▶ _WORK TO BE COMPLETED_
Because only the text is wanted, repeat the records below exactly and omit the pictures.

[Captioned web image data]
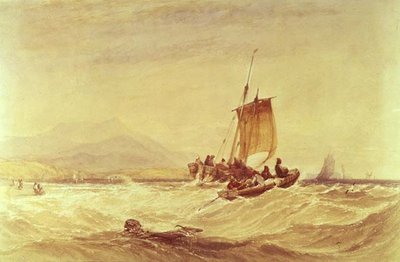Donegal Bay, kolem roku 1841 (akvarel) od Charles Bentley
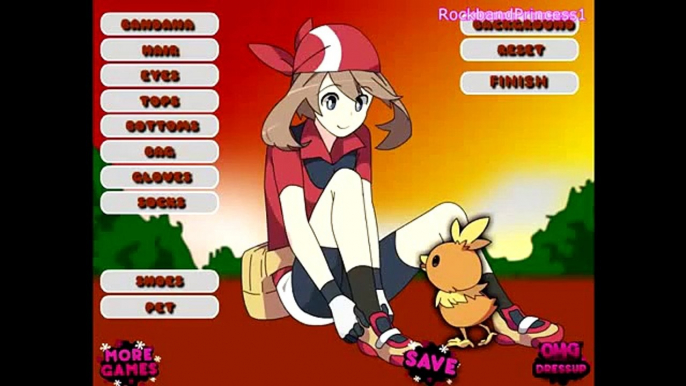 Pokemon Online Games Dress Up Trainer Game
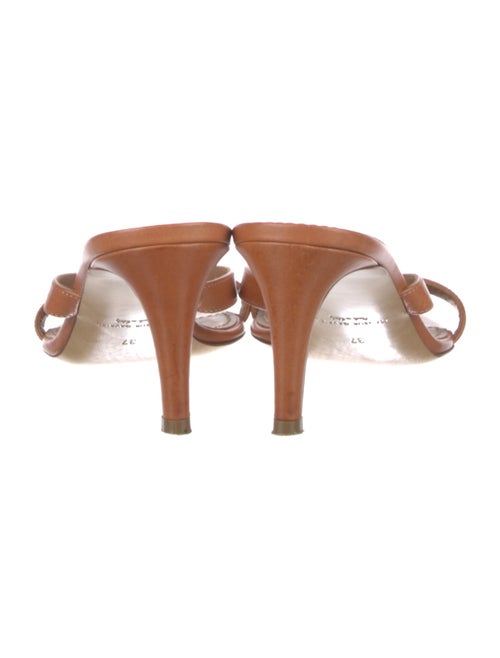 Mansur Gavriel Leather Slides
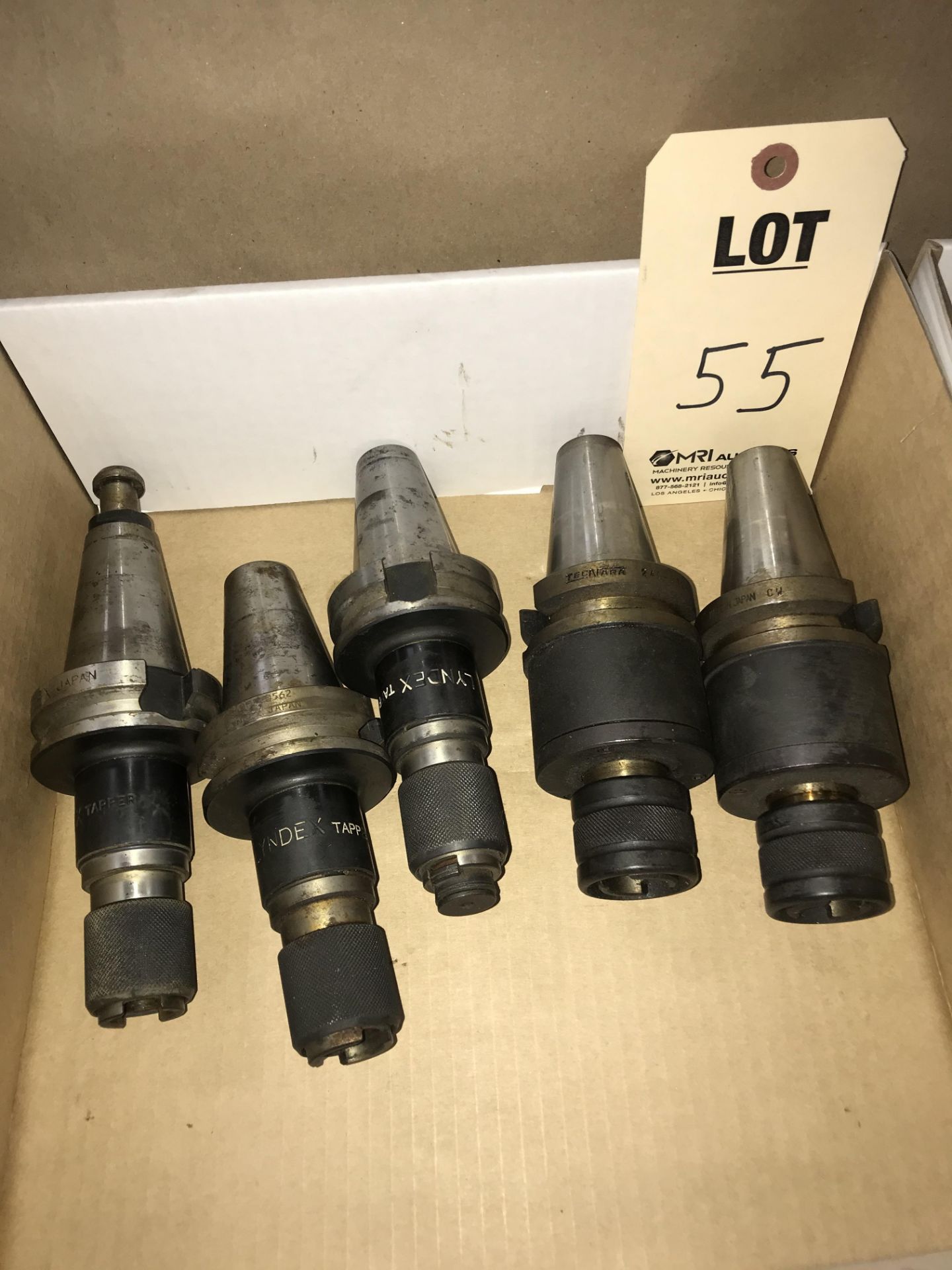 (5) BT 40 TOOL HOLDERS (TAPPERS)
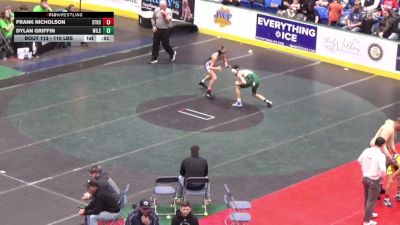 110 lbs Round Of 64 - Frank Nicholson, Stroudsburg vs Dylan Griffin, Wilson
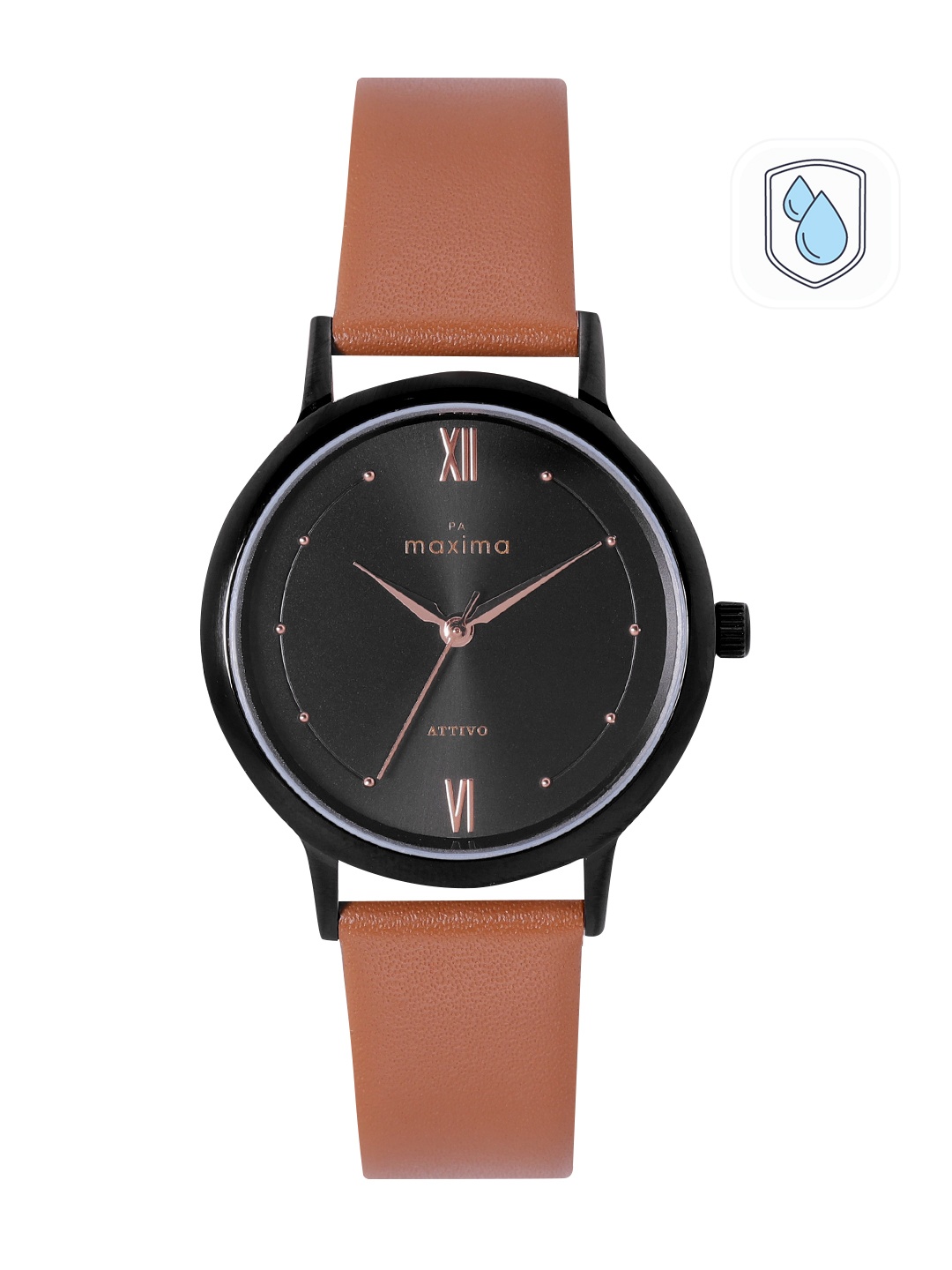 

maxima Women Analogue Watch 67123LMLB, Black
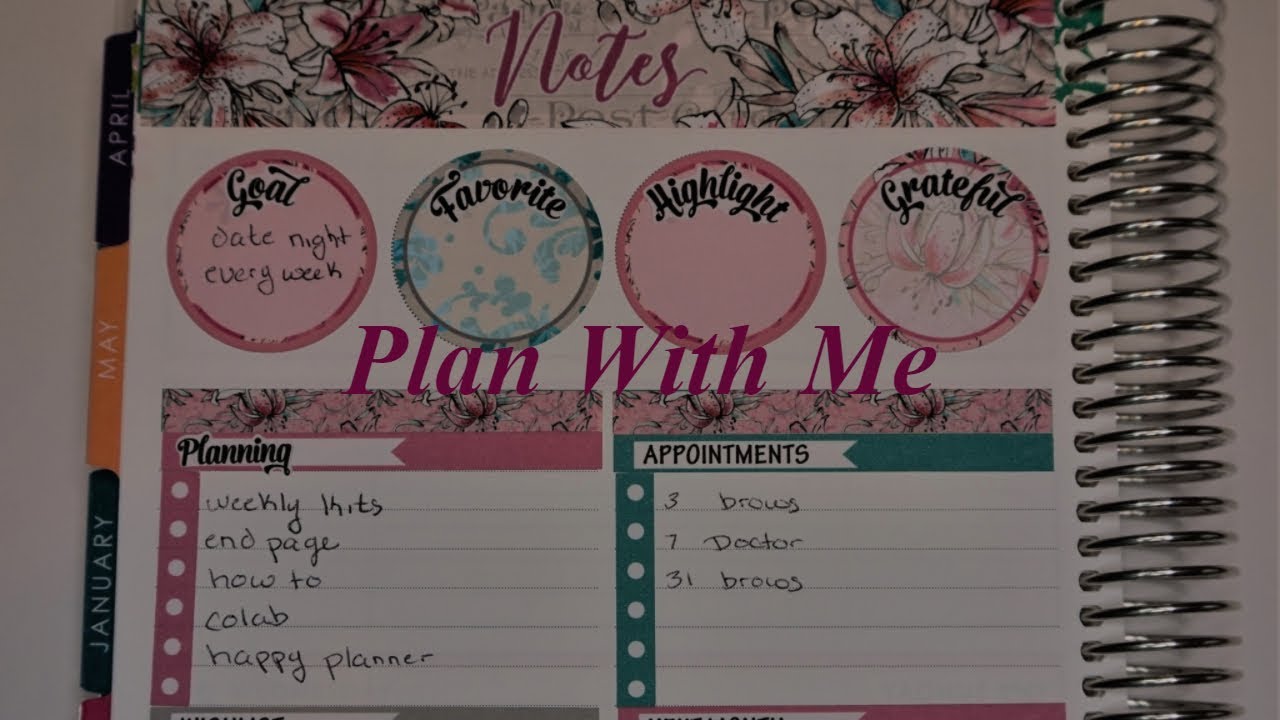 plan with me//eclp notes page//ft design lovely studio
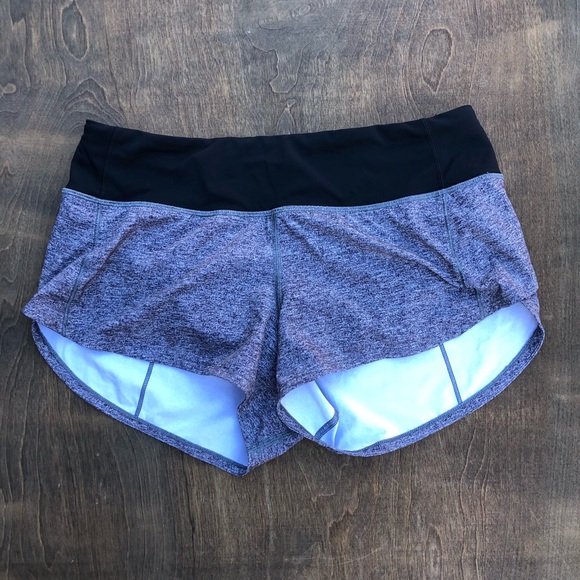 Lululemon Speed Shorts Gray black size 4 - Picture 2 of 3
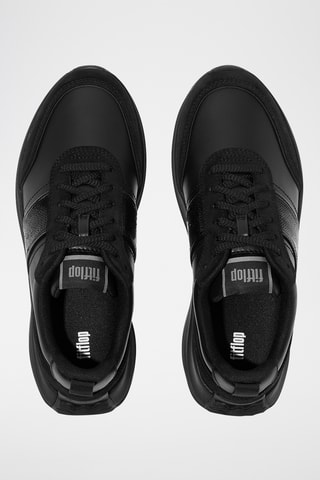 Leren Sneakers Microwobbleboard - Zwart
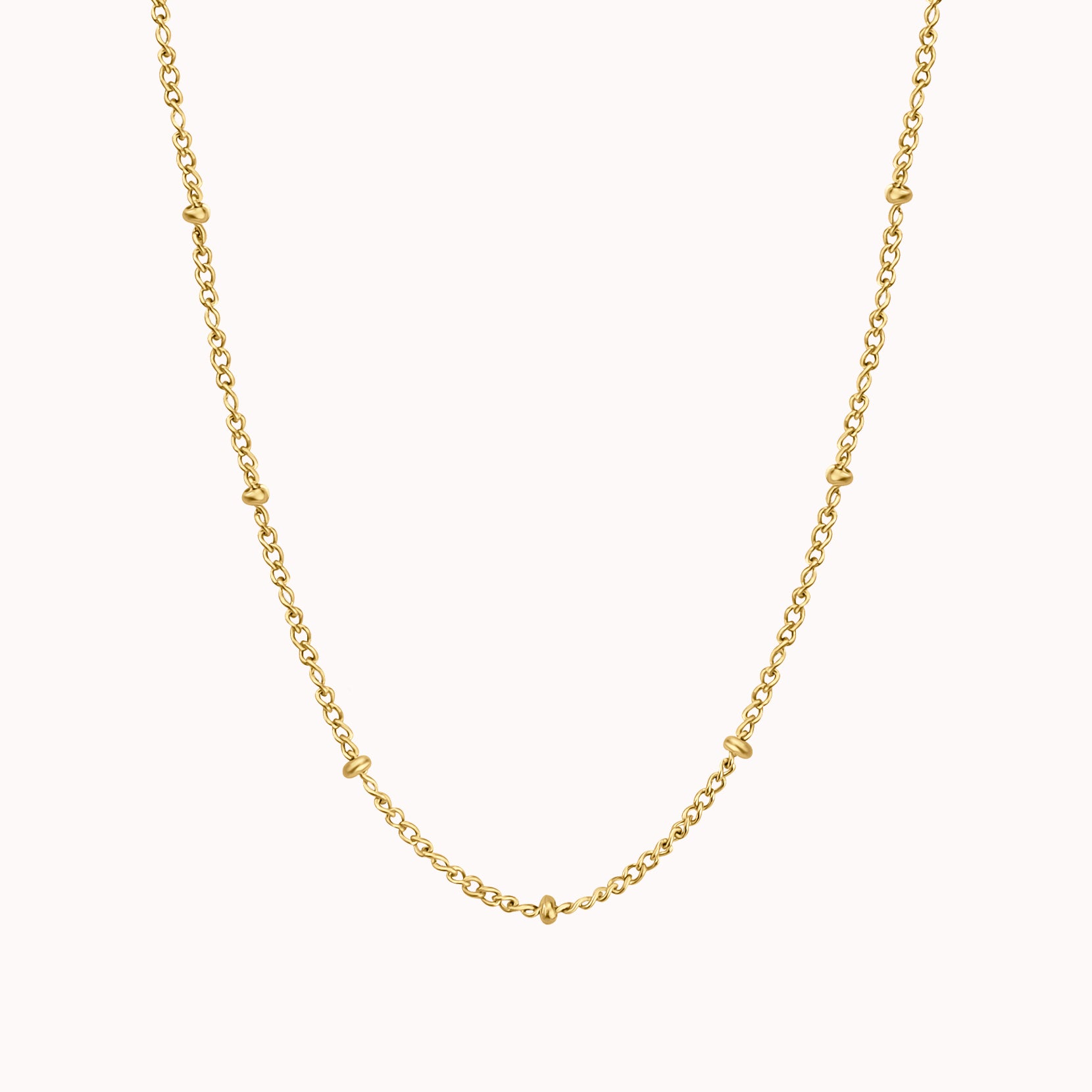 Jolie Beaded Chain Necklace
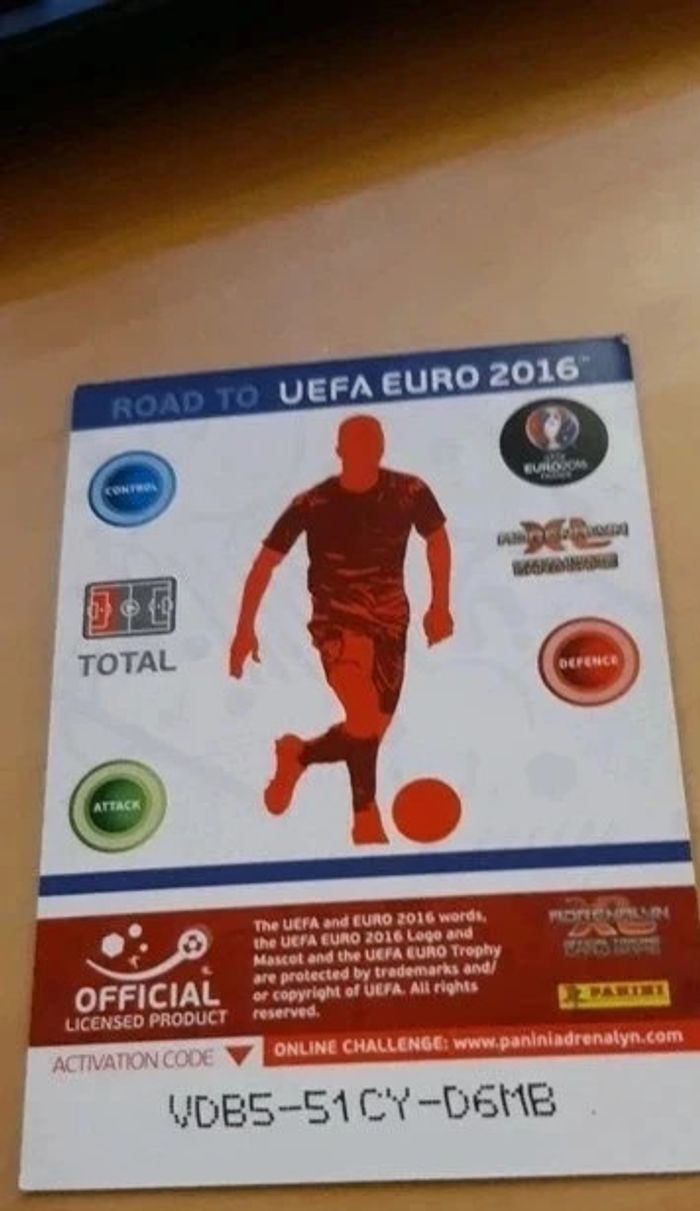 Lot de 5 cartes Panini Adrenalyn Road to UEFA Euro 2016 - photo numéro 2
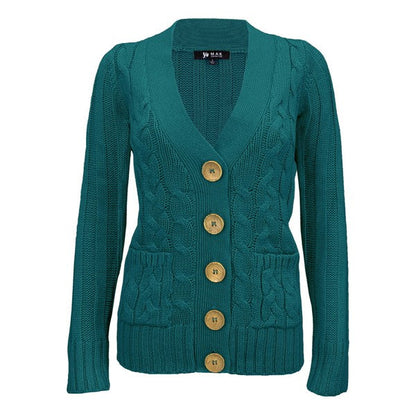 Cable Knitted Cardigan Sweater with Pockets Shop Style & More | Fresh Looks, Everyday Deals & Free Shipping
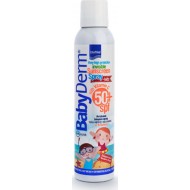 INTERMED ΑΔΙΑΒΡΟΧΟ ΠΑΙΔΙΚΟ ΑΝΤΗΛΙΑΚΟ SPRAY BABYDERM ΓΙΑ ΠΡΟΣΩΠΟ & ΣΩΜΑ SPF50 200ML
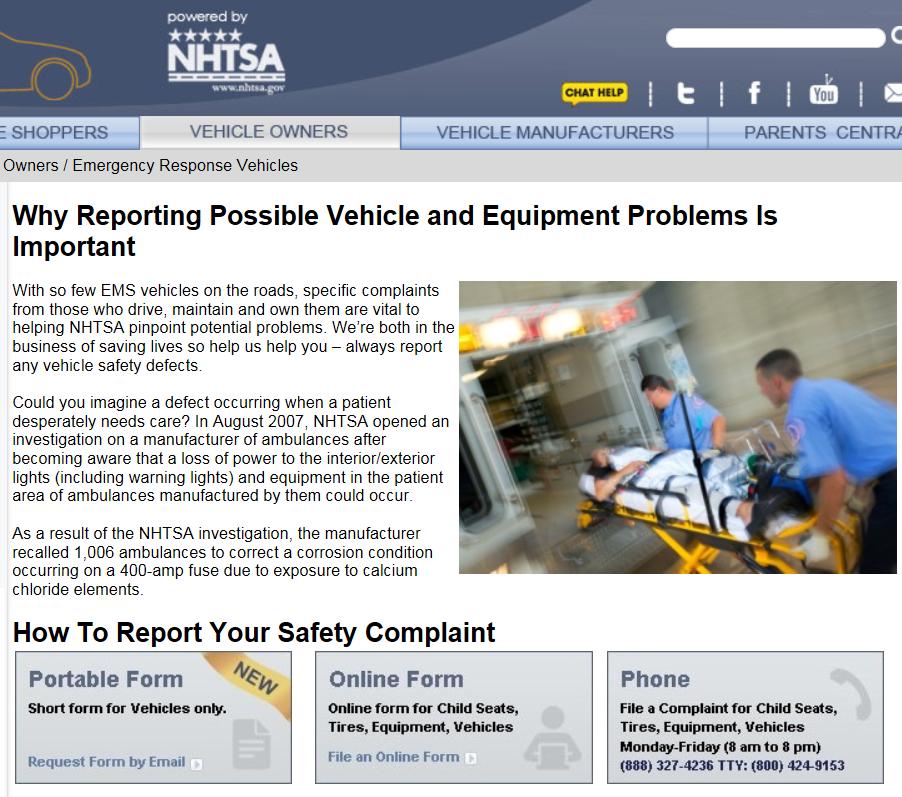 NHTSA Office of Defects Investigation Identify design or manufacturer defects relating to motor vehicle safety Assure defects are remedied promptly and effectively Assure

▶ _WRITTEN RESPONSE_
Donegal Bay, kolem roku 1841 (akvarel) od Charles Bentley
 Pokemon Online Games Dress Up Trainer Game
 Mansur Gavriel Leather Slides
 (5) BT 40 TOOL HOLDERS (TAPPERS)
 110 lbs Round Of 64 - Frank Nicholson, Stroudsburg vs Dylan Griffin, Wilson

maxima Women Analogue Watch 67123LMLB, Black
 plan with me//eclp notes page//ft design lovely studio
 Lululemon Speed Shorts Gray black size 4 - Picture 2 of 3
 Leren Sneakers Microwobbleboard - Zwart
 Jolie Beaded Chain Necklace
 Lot de 5 cartes Panini Adrenalyn Road to UEFA Euro 2016 - photo numéro 2
 Cable Knitted Cardigan Sweater with Pockets Shop Style & More | Fresh Looks, Everyday Deals & Free Shipping
 INTERMED ΑΔΙΑΒΡΟΧΟ ΠΑΙΔΙΚΟ ΑΝΤΗΛΙΑΚΟ SPRAY BABYDERM ΓΙΑ ΠΡΟΣΩΠΟ & ΣΩΜΑ SPF50 200ML
 NHTSA Office of Defects Investigation Identify design or manufacturer defects relating to motor vehicle safety Assure defects are remedied promptly and effectively Assure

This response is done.